I have found that before releasing a thread, the practitioner should be certain that the superficial fat pad is in its desired and final position, the lifting and anchoring cogs are in contact with the correct structures and the skin is repositioned correctly.9 Failure to position these items correctly will result in wrinkles or dimples, as I have observed.
Trimming the smooth thread all the way to the first lifting cog avoids any discomfort, which is often associated with leaving the smooth area of the thread in the mobile part of the face. This can also lead to thread extrusion and poking of the skin.

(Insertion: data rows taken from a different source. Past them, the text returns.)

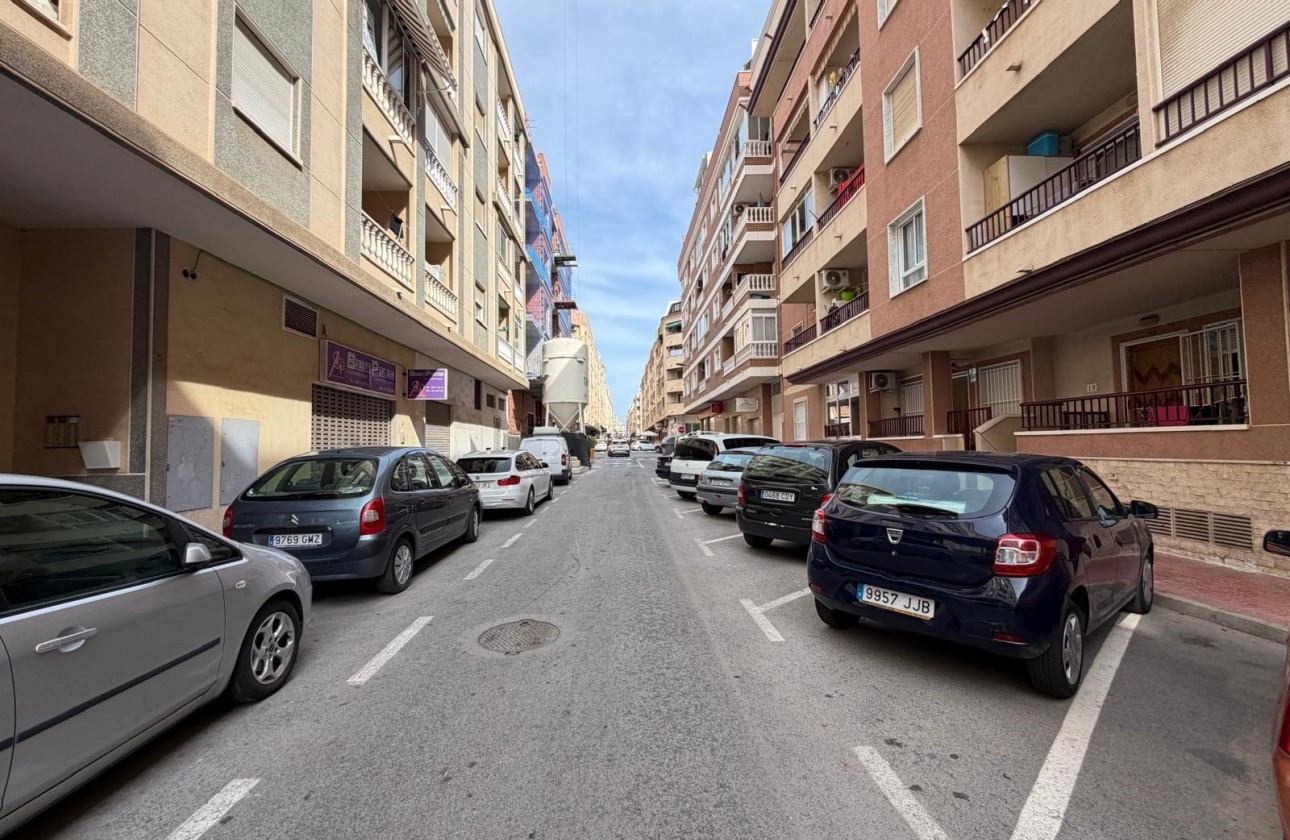Reventa - Apartamento / piso - Torrevieja - PARQUE DE LAS NACIONES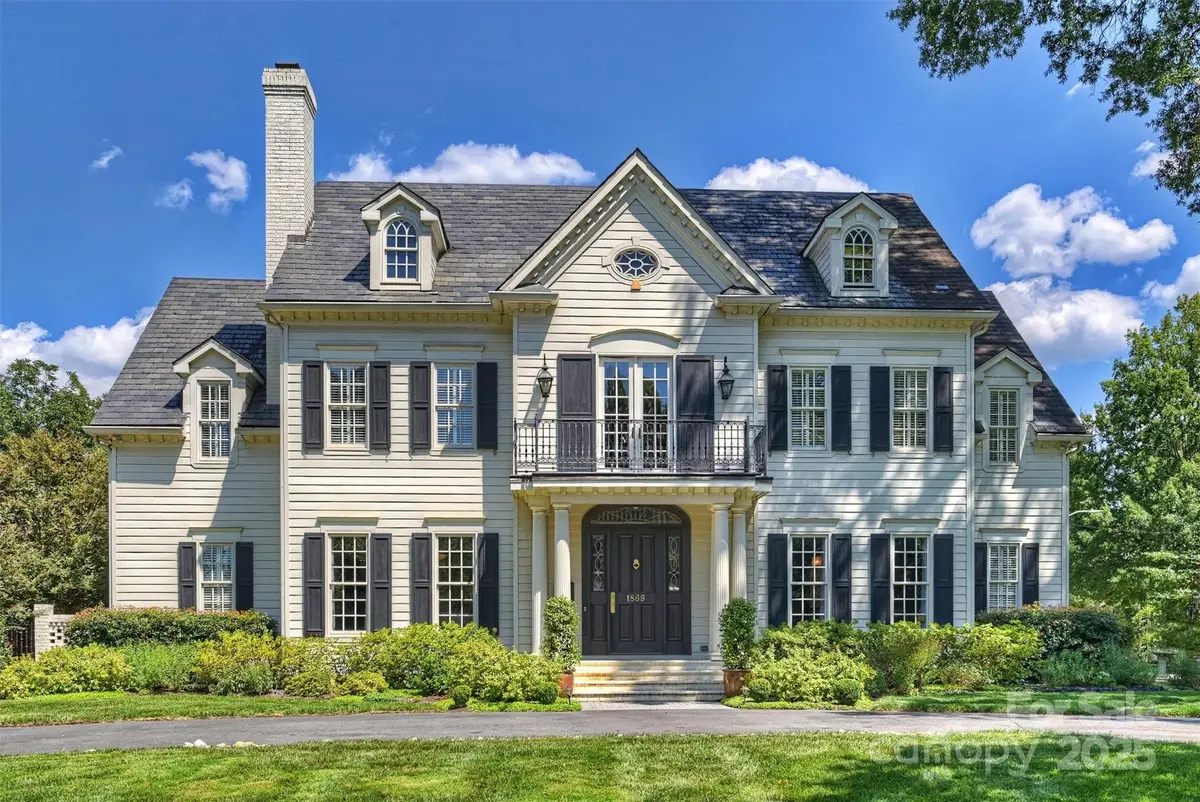 1869 Queens Road W, Charlotte, NC 28207 - Image #1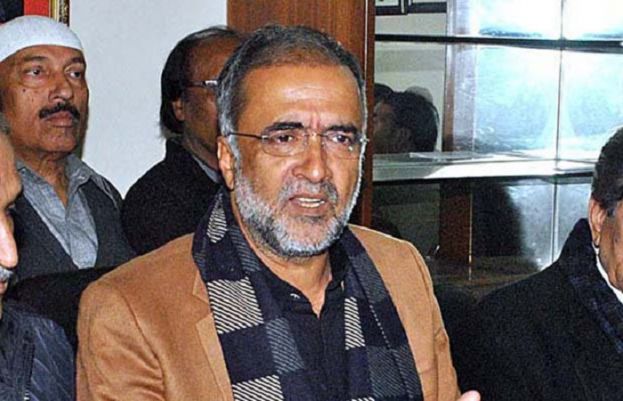 چیئرمین نیب نے کیا غلط کیا؟ نوازشریف پر کوئی ریفرنس تو نہیں بنایا، کائرہ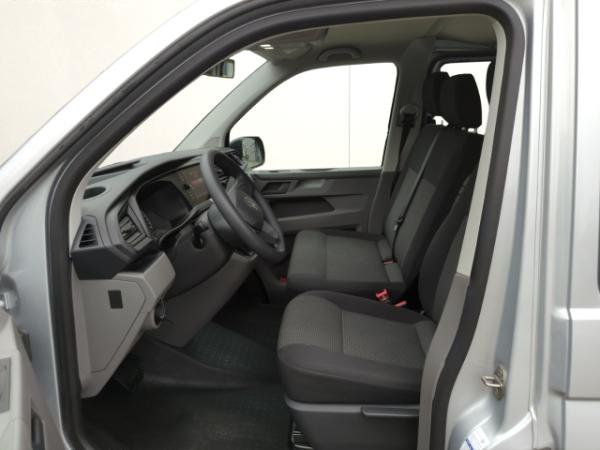 Volkswagen T6.1 Kombi 9-Sitzer LR 2.0 TDI DSG AHK,NAV,PDC,DAB+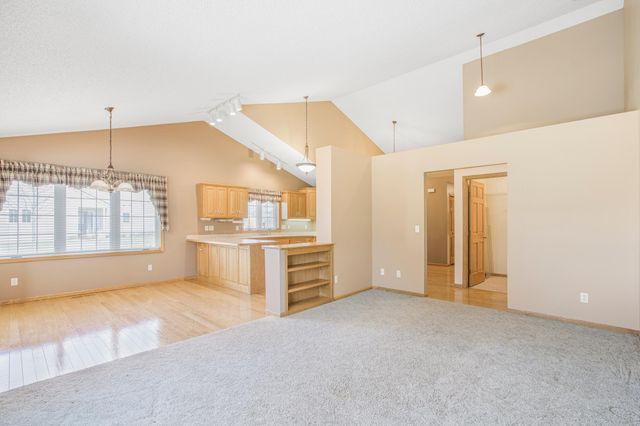 5549 Lachman Avenue NE, Albertville, MN 55301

Fat pad lifting occurs in three stages. During the first three months (Stage 1), lifting depends on the mechanical interaction of tissue-engaging thread and tissue.4,17 Between three and nine months (Stage 2), lifting depends on tissue adhesion secondary to the fibrotic response generated by the thread material and thickness.18 After nine months (Stage 3), fat pad repositioning depends on the mechanobiological adaptation of the retaining ligaments.18 The latter mechanism is triggered by changing the tension profile of retaining ligaments over a long period of time.18 These mechanical signals, through transduction, result in increased collagen production (at high tension) or reduced collagen production (at low tension) as described in Figure 4.18
Absolute contraindications for thread lifts are infection/inflammation at the proposed treatment site, pregnancy and unrealistic patient expectations, as these can lead to dissatisfaction and patient wellbeing should be prioritised.19 Relative contraindications are thin skin and heavy tissues, but advanced thread practitioners may still be able to treat such patients with experience and detailed knowledge of the facial nerve and vessel anatomy.19
The facial rejuvenation technique described here provides a step-by-step guide to repositioning fat pads of the face by thread lifting to obtain optimal, long-term results with minimum discomfort to the patient. The exact duration of threads’ effectiveness depends on the exact technique used: if the lifting effect is only due to mechanical tissue, results will last about three months; if the lifting effect is carried by tissue adhesion caused by a biological response, results could last six to 12 months; and if a mechanobiological adaptation of supporting structures is created, results can last over a year.9
Through adherence to these 12 steps, I have achieved successful outcomes for more than 1,300 patients, with varying duration dependent on thread type.